Here's a zdnet article on win2000 release:
zdnet.com
Promise broken: Windows 2000 delayed Sources say Microsoft has abandoned its promise of a 1999 launch for the next rev of Windows. Instead, look for arrival in February.
By Scott Berinato and Mary Jo Foley, Sm@rt Reseller, PC Week October 14, 1999 7:19 AM PT
Microsoft Corp. marketing will take one on the chin and wait until February of next year to launch Windows 2000, the company's flagship product.
The Redmond, Wash., company is telling partners it will take a deliberate approach to launch rather than try to rush the launch into the end of this year just to save face, according to several sources.
(Speaking at the GartnerGroup's Symposium/ITxpo in Orlando, Fla., on Wednesday, Microsoft President Steve Ballmer said the company is in no rush to ship the OS until it's "absolutely, positively right.")
Microsoft (Nasdaq:MSFT) also will conduct a Windows 2000 launch planning event in conjunction with its partners in late October, where the company will map out in detail its delivery and launch plans for the product, according to partners.
Microsoft officials, who have repeatedly promised shipment by the end of this year, would not confirm or deny any timing issues regarding the shipment of Windows 2000. However, a Windows 2000 trade show in San Francisco has been slated for February and is likely to provide the venue for the OS's launch, sources said.
RTM in December?

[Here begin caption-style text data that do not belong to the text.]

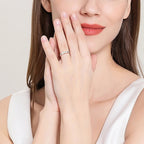 Moissanite Wedding Ring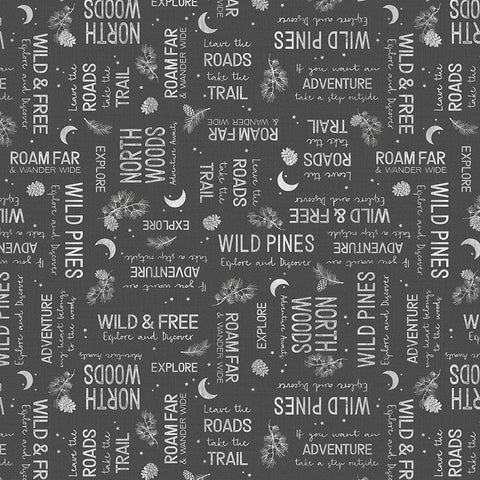 WL Wild Wood Lodge Dark Letters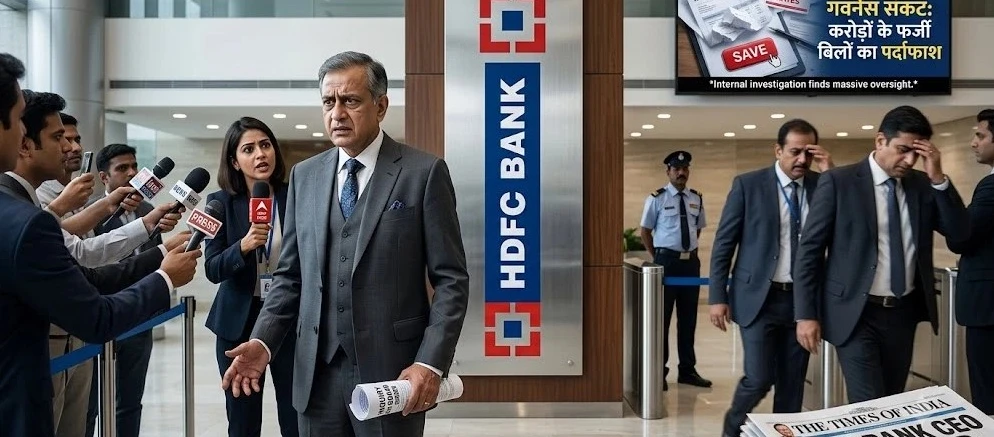 HDFC Bank के बड़े अधिकारी 45 करोड़ रुपये के कथित फर्जीवाड़े और VIP डील मामले में जांच के घेरे में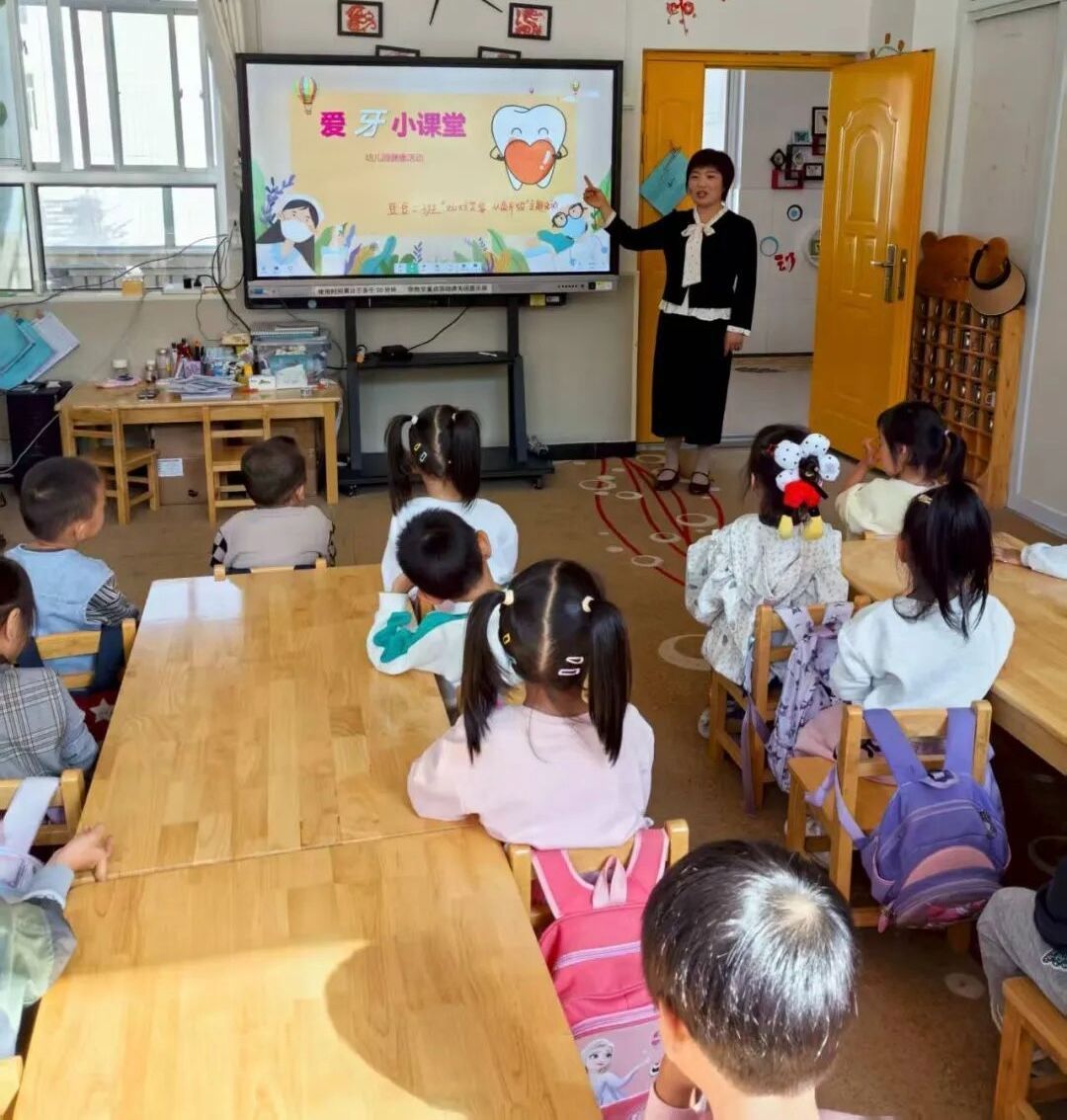 寧縣縣城新區(qū)第二幼兒園開展愛牙日主題活動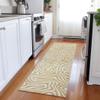 Addison Rugs Chantille ACN1020 Gold 2'3" x 7'6" Indoor Outdoor Runner Rug, Machine Washable, Stain Resistant, Easy Clean, Non Shedding, Hallway, Laundry, Patio, Kitchen Rug view 2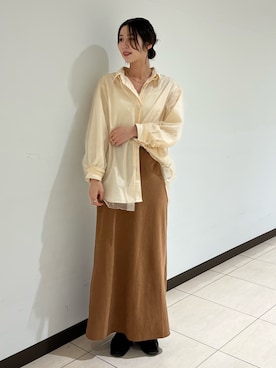 加藤早織さん(レディース・163cm)の秋コーディネート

Microsoft officials maintain the product will release to manufacture, or RTM, this year -- sources say Dec. 5 is the latest target -- and therefore Windows 2000 would technically ship this year, even though users won't have the software in hand for six to eight weeks after RTM.
But even Microsoft seems resigned to the idea that, given Year 2000 issues, shipping a product at the end of this year is not an ideal strategy.
"I joke and tell [CEO] Bill [Gates] that this is the worst time in the last couple hundred years to ship a new software product," said Brian Valentine, vice president of Microsoft's Business and Enterprise Division and head of Windows 2000 development under Senior Vice President Jim Allchin.
But quality issues and development delays also seem to be playing a part in putting off the launch to February. Sources say a third release candidate, originally slated for October, has slipped to November. And application compatibility, an issue that has dogged the product all year, is still about 15 percent shy of where Microsoft wants it, according to Valentine.
Daunting challenges for users Users, for the most part, aren't fazed by the timing. Most have no plans for serious deployments until at least the end of next year -- regardless of whether they purchase the product early in the year.
Even Rapid Deployment Partners with deployment success stories are taking careful steps with portions of what many observers say is more than just an upgrade.
"In our environment, we haven't done much with Active Directory services yet, and we're just now planning to migrate our domain controller to Windows 2000," said Jason Lochhead, vice president of research and development at Data Return Corp., an RDP in Dallas founded by three former Microsoft employees.
Data Return's application hosting business is running on Windows 2000 with some Windows NT 4.0 mixed in. "I felt like I had a good grasp on Active Directory, and even then it's daunting," Lochhead said.
Also daunting to users will be the amount of conflicting information regarding the cost of upgrading to Windows 2000.
Cost-effective ... or not? Giga Information Group this week released Windows 2000 research claiming that the benefits of migrating to Win2000 outweigh the costs. Giga based its findings on its Total Economic Impact metric, which measures cost alongside benefits, flexibility and risk.
Giga found that installing or upgrading to Windows 2000 Professional will cost approximately $970 to $1,640 per desktop system. Installing or upgrading to Windows 2000 Server -- once the product has been stabilized -- will cost approximately $107 per client for a typical network of 5,000 users.
For an enterprise with 5,000 users, the total expected cost of upgrading to Windows 2000 Professional and Server would be approximately $1,077 to $1,747 per user even if an organization replaces all of its desktop hardware.
But Those findings run counter to a study published by the Gartner Group, whose analysts said fewer than 30 percent of enterprises will adopt the first iteration of Windows 2000 and cited much higher deployment costs.